Cette histoire est d’abord celle de la vie quotidienne dans une zone que les différents accords de cessez-le-feu ne sont pas parvenus à pacifier. A l’époque de la narration, cela fait quatre ans qu’une guerre larvée y maintient les populations restées sur place dans l’insécurité et la précarité, si bien que, uniquement préoccupées de leur survie au jour le jour, elles en viennent à subir comme une fatalité l’absurdité de leur situation. Sergueïtch et Pachka tentent ainsi, envers et contre tout, de maintenir un semblant de normalité malgré le dérèglement ambiant, s’attachant avec simplicité et bonne humeur à la routine qui leur permet de tenir. Entre leurs souvenirs et leurs rêves, la débrouillardise, le troc et l’amitié, ils font preuve d’une capacité d’adaptation aussi joyeuse que pragmatique, au fil d’une narration qui parvient même à être drôle.
Pourtant, aussi ingénu soit-il quant aux motivations politiques qui le dépassent, Sergueïtch ne peut que constater la terrible réalité de son pays, au fur et à mesure de l’avancement de son voyage.
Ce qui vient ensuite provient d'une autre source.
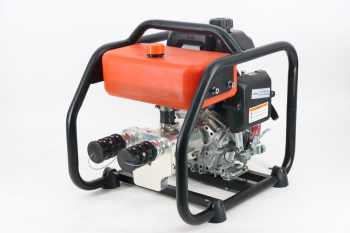 美女的隐藏部位是什么图片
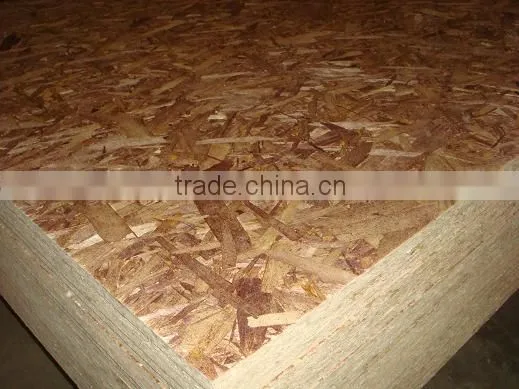 poplar OSB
Malmené aux postes-frontières qui séparent désormais l’Ukraine du Donbass et de la Crimée, considéré avec méfiance par ses compatriotes parce qu’il vient de cette région du Donbass en partie acquise à la Russie, il découvre les persécutions perpétrées par les Russes en Crimée à l’encontre des minorités tatares, et surtout l’inquiétante omniprésence de l’oeil de Moscou, qui jusqu’au plus profond des montagnes, à lui qui ne se préoccupe que du bien-être de ses abeilles, ne cessera de lui adresser de menaçants signaux de surveillance.
De la désolation de la périlleuse zone grise du Donbass au contact direct avec les autorités russes en Crimée, monte peu à peu le dérangeant sentiment d’une menace généralisée, alors que face aux pressions et aux intimidations à peine voilées subies par Sergueïtch, l’on réalise à ses côtés à quel point l’ombre du grand frère russe pèse sur l’Ukraine, et même sur le plus insignifiant de ses habitants. Et, tandis que l’humanité de ce si modeste personnage apparaît de plus en plus fragile et impuissante face à l’impitoyable arrogance des fonctionnaires russes qui se jouent de lui, qui plus est à la lumière des évènements survenus depuis l’écriture de ce livre, l’on en vient à considérer l’Ukraine de ce récit comme la souris convoitée de longue date par le chat. Un chat embusqué dans l'attente de son heure… Coup de coeur.